Liquid - liquid extraction of tropane alkaloids

Alkaloids are a diverse group of compounds that are found primarily in plants and contain basic nitrogen atom. The basic nature of these compounds makes them exists mostly as salts.

Choosing extraction conditions for isolation of a product from its natural source depends on both the properties of the compound and the composition of the source. Tro
pane alkaloid free bases are soluble in organic solvents and acids, but poorly soluble in water. It is possible to extract these alkaloids from plant parts e.g. leaves by solid/liquid extraction to hot water.

Designing an efficient extraction scheme requires analyzing the major components of leaves. These include cellulose, proteins and amino acids, tannins, pigments and saponins.

  • Cellulose

The major component of leaves is cellulose, which serves as a rigid and insoluble structural element. Cellulose is a linear polymer composed of D-glucopyranose units
connected through carbons 1 and 4. The fully equatorial conformation of β-linked glucopyranose residues stabilize the chair structure of the ring and minimize its flexibility. Although cellulose carries many hydroxyl groups, it is not water soluble due to its high molecular weight.

  • Tannins

Tannins are polyphenolic compounds with molecular weights of 50-20,000. Tannins are soluble in water and therefore extracted from the leaf.
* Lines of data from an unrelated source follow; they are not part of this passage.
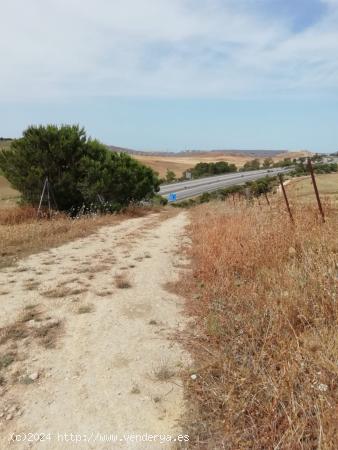 PARCELA RÚSTICA DE 2000 METROS EN EL TERMINO MUNICIPAL DE BARBATE - CADIZ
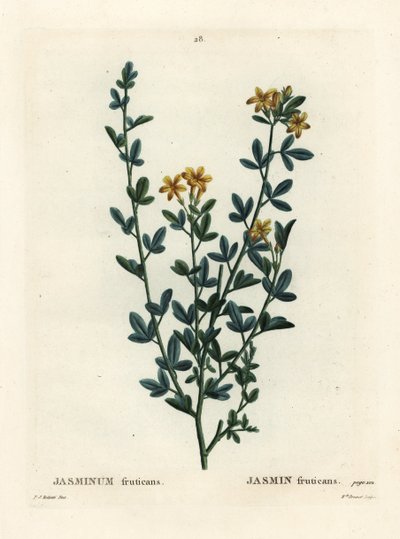 Vill eller gul Jasmin, Jasminum fruticans. Håndfarget stiplegravering av frøken Brenet etter en illustrasjon av Pierre-Joseph Redoute fra Henri Louis Duhamel du Moncels Treat des Arbres et Shrustes, Paris av Pierre Joseph Redouté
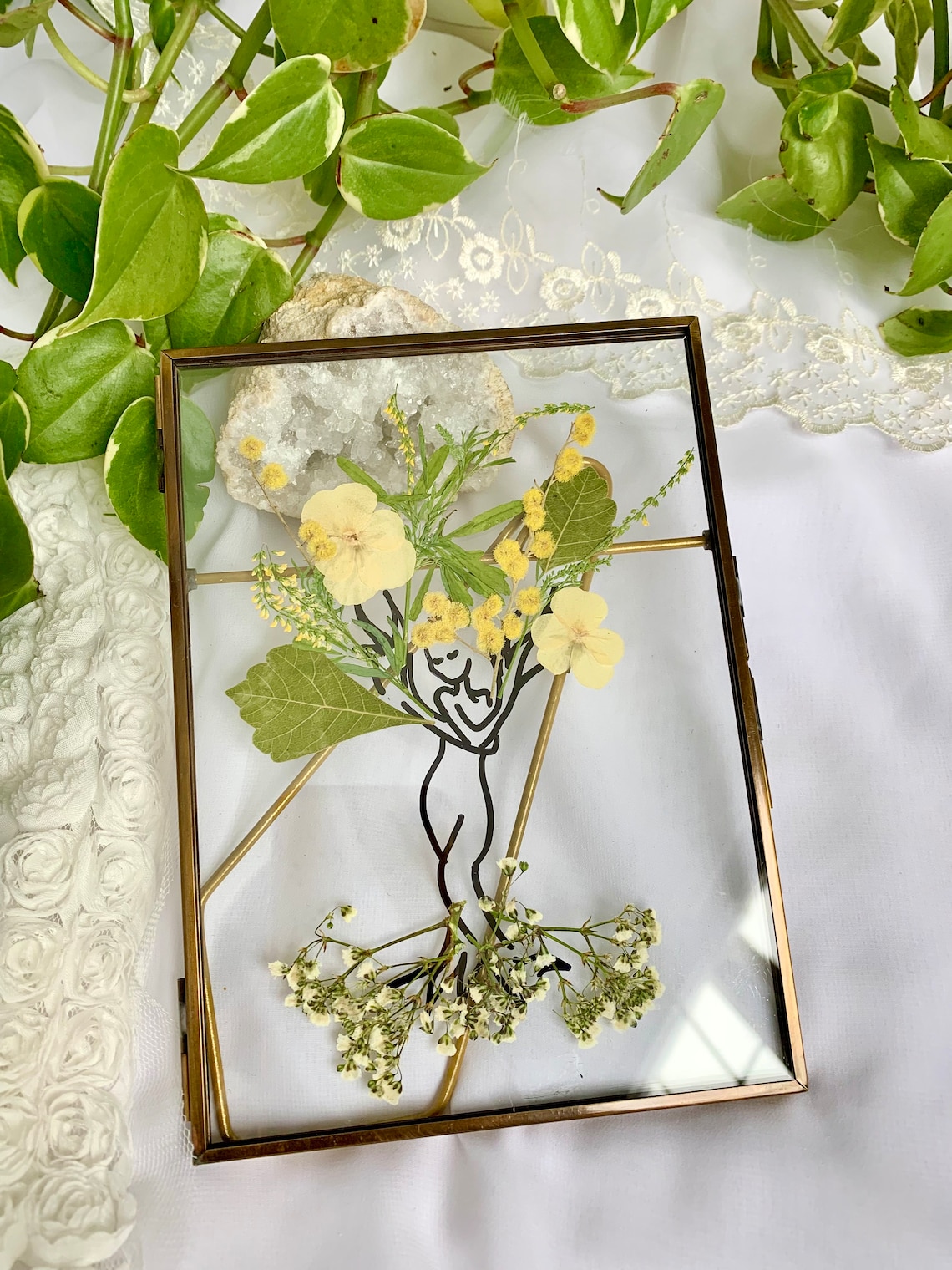Mother Nature Tree of Life Nature Gift Pressed Dried Flower Etsy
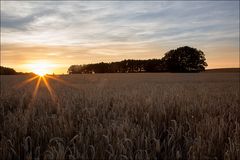 kleiner Hund im Kornfeld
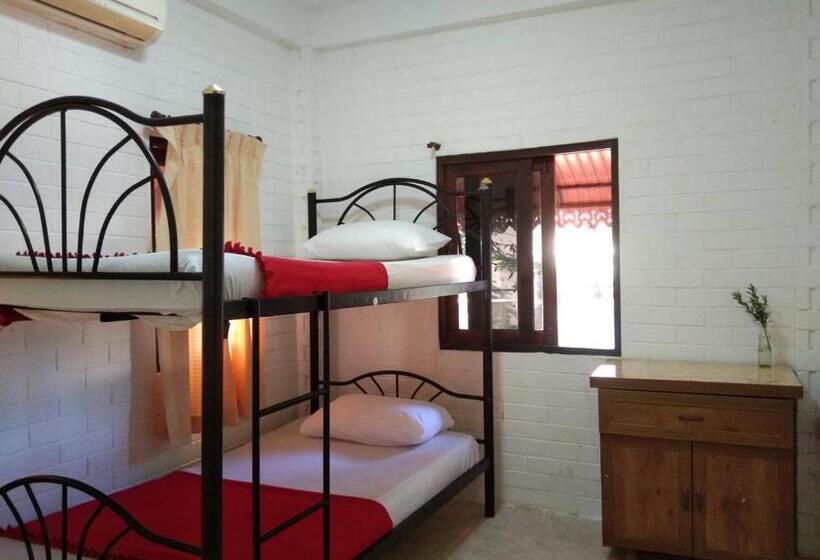 2间卧室的房子, Monkey Samui Hostel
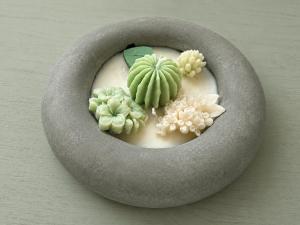 a fake succulent plant in a gray rock at Le4bergheim Chambre d'hôtes in Bergheim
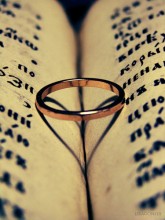 Love / http://fotki.yandex.ru/users/nastikter/view/333756?page=0rnhttp://photoawards.ru/users/141473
The core structure is D-glucose, to which several units of gallic acid are attached, via ester bonds. It is important to note the gallic acid is poly functional, and able to form multiple ester bonds.
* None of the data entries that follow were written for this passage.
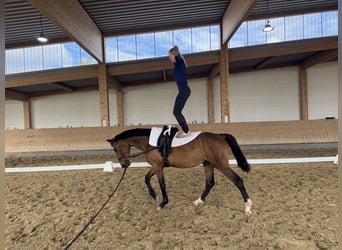 Lettone, Castrone, 6 Anni, 160 cm, Baio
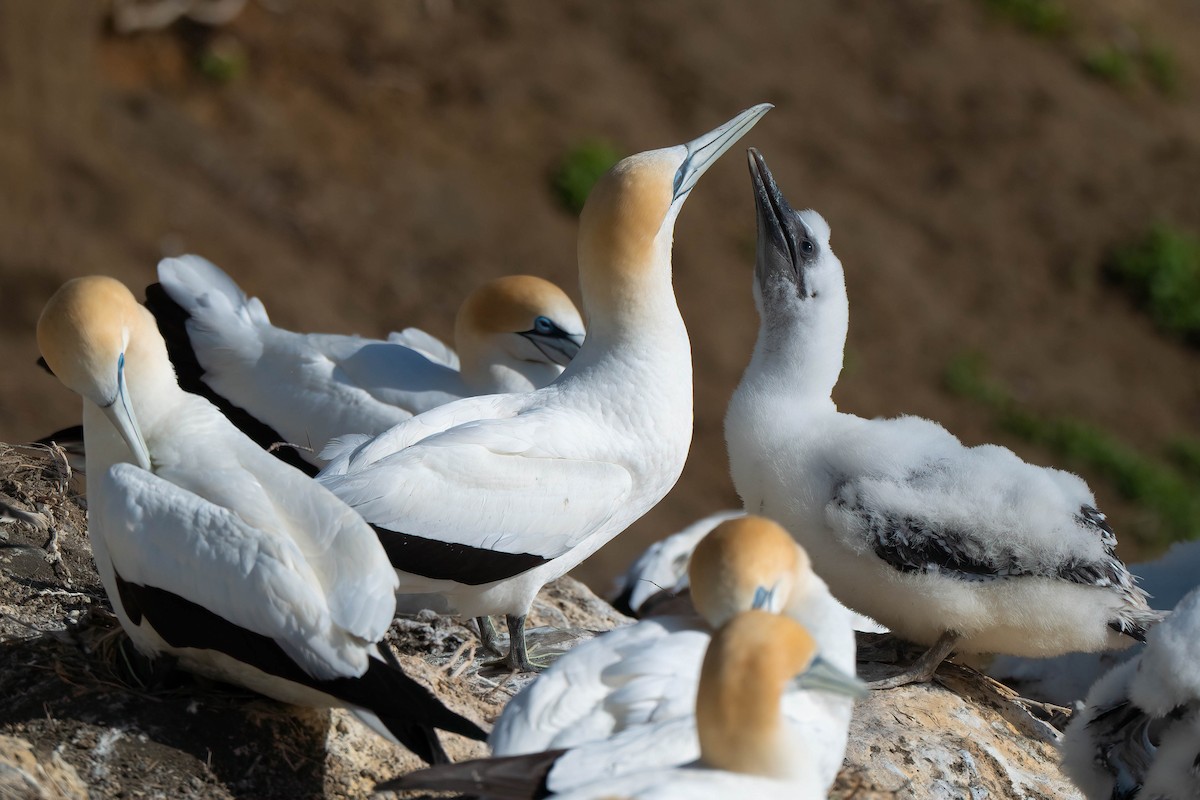 Australasian Gannet - ML642152822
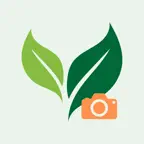 Plant Identifier: Plant+ iOS Icon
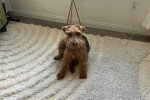 Un Welsh Terrier assis sur un tapis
The presence of soluble tannins in leaves complicates the isolation of alkaloids, as low molecular weight tannins are also soluble in methylene chloride. However, a advantage can be taken of the chemical reactivity of the ester bonds in hydrolyzble tannins. When tea leaves are boiled in the presence of weak bases, such as CaCO3, the ester bond is cleaved. This cleavage produces glucose and a calcium salt of gallic acid. These very polar compounds will stay in water and will not be extracted into the methylene chloride. Additionally, the base also converts alkaloid molecules the may be present as salts to the free base, increasing its solubility in methylene chloride.

  • Proteins and pigments
Proteins and pigments are very soluble in water and therefore do not present problems to the separation of alkaloids by extraction.

  • Saponins
Saponins are compounds that have amphiphilic structure, i.e. molecules having a polar water-soluble group attached to a water-insoluble hydrocarbon moiety. This amphiphilic nature gives saponins detergent-like properties, which increases the solubility of organic molecules in water. Saponins may therefore induce the formation of emulsions during extraction, complicating the separation. Emulsions can be broken by addition of salt to the aqueous layer (therefore increasing the polarity of the aqueous phase and reducing the solubility of organic molecules in it) or by centrifugation.
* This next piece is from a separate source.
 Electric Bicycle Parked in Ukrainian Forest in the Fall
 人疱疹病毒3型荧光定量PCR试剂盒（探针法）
  1. The powdered or fresh material is moistened with water and mixed with lime which combines with acids, tannins and other phenolic substances and sets free the alkaloids (if they exist in the plant as salts).

  2. Insoluble materials like cellulose are removed in filtration.
  3. Extraction is then carried out with organic solvents such as methylene chloride, chloroform, ether etc. It is a good practice to repeat the extraction 3-4 times to ensure most of the alkaloids are in the organic liquid.
  4. The water portion is discarded.

  5. The concentrated organic liquid is evaporated and alkaloids are left behind.    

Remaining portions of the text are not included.